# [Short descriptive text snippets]
┌────────
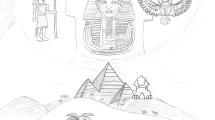 Dessin d'enfant de 10-12 ans sur la thématique de l'Égypte (pharaon, sphynx, pyramides)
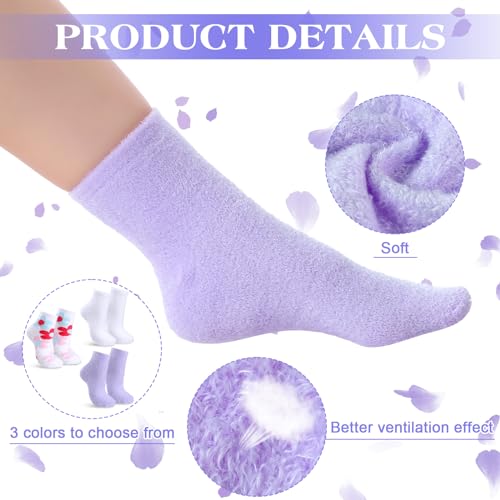 Tarpop Aloe Socks Women Moisturizing Gel Sleep Socks Floral Purple 3 Pairs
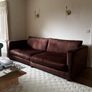 Brown velvet sofa with bun feet Image 4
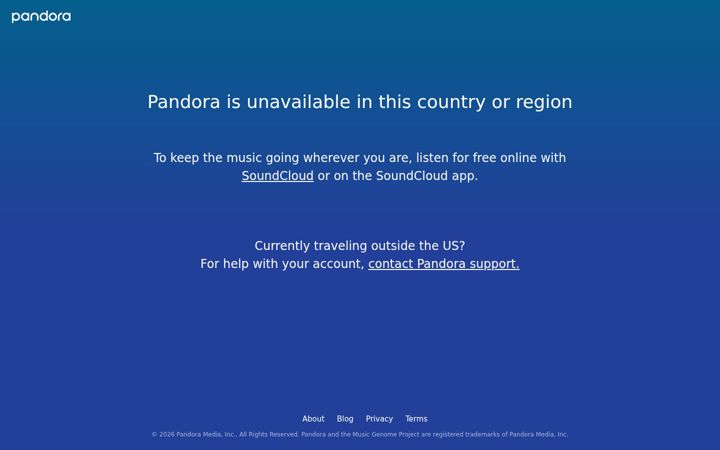 Captura de pantalla de pandora.com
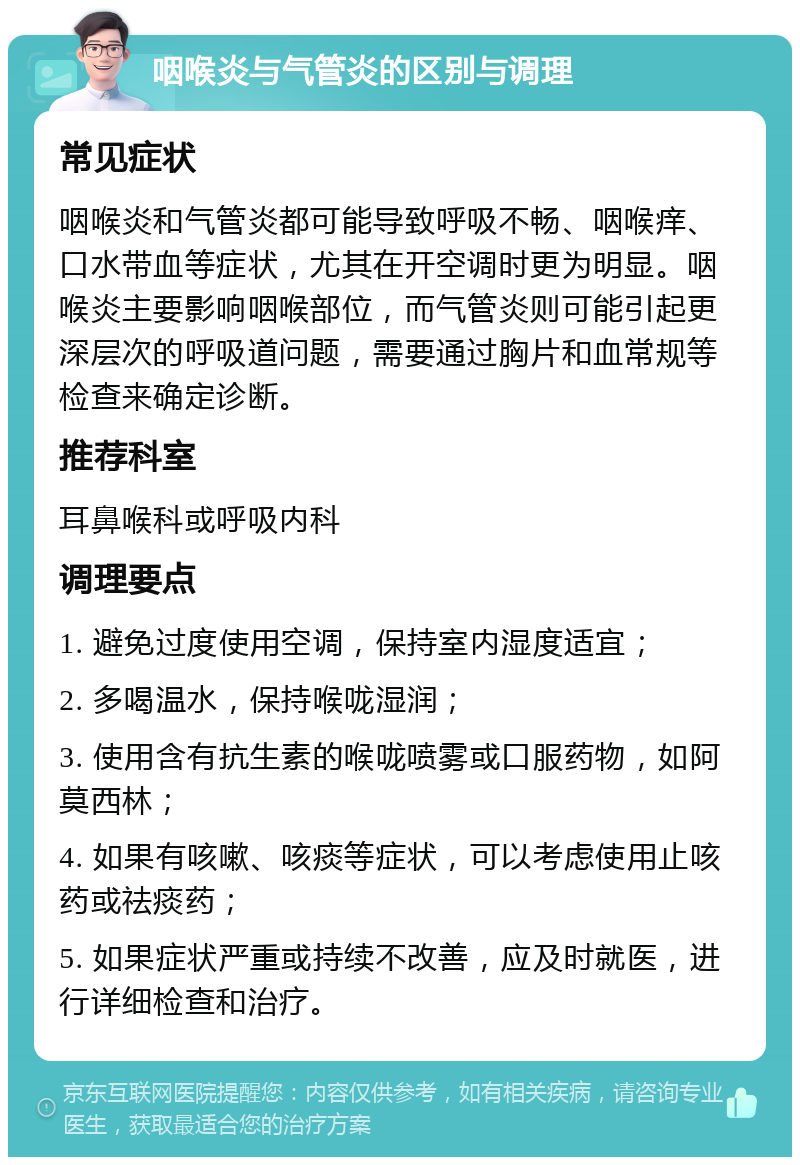 咽喉炎与气管炎的区别与调理 常见症状 咽喉炎和气管炎都可能导致呼吸不畅、咽喉痒、口水带血等症状，尤其在开空调时更为明显。咽喉炎主要影响咽喉部位，而气管炎则可能引起更深层次的呼吸道问题，需要通过胸片和血常规等检查来确定诊断。 推荐科室 耳鼻喉科或呼吸内科 调理要点 1. 避免过度使用空调，保持室内湿度适宜； 2. 多喝温水，保持喉咙湿润； 3. 使用含有抗生素的喉咙喷雾或口服药物，如阿莫西林； 4. 如果有咳嗽、咳痰等症状，可以考虑使用止咳药或祛痰药； 5. 如果症状严重或持续不改善，应及时就医，进行详细检查和治疗。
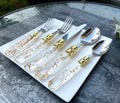 Eco-friendly 18/10 Stainless Steel Hand Mirror Polished Flatware Bubble Acrylic Handle Modern Wedding Cutlery Set Restaurants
└────────
# [Exercise description]
Pictures stay out. Print the data exactly, from its first line through the line containing "如果有咳嗽、咳痰等症状，可以考虑使用止咳药或祛痰药； 5. 如果症状严重或持续不改善，应及时就医，进行详细检查和治疗。".

# [Result]
 Dessin d'enfant de 10-12 ans sur la thématique de l'Égypte (pharaon, sphynx, pyramides)
 Tarpop Aloe Socks Women Moisturizing Gel Sleep Socks Floral Purple 3 Pairs
 Brown velvet sofa with bun feet Image 4
 Captura de pantalla de pandora.com
 咽喉炎与气管炎的区别与调理 常见症状 咽喉炎和气管炎都可能导致呼吸不畅、咽喉痒、口水带血等症状，尤其在开空调时更为明显。咽喉炎主要影响咽喉部位，而气管炎则可能引起更深层次的呼吸道问题，需要通过胸片和血常规等检查来确定诊断。 推荐科室 耳鼻喉科或呼吸内科 调理要点 1. 避免过度使用空调，保持室内湿度适宜； 2. 多喝温水，保持喉咙湿润； 3. 使用含有抗生素的喉咙喷雾或口服药物，如阿莫西林； 4. 如果有咳嗽、咳痰等症状，可以考虑使用止咳药或祛痰药； 5. 如果症状严重或持续不改善，应及时就医，进行详细检查和治疗。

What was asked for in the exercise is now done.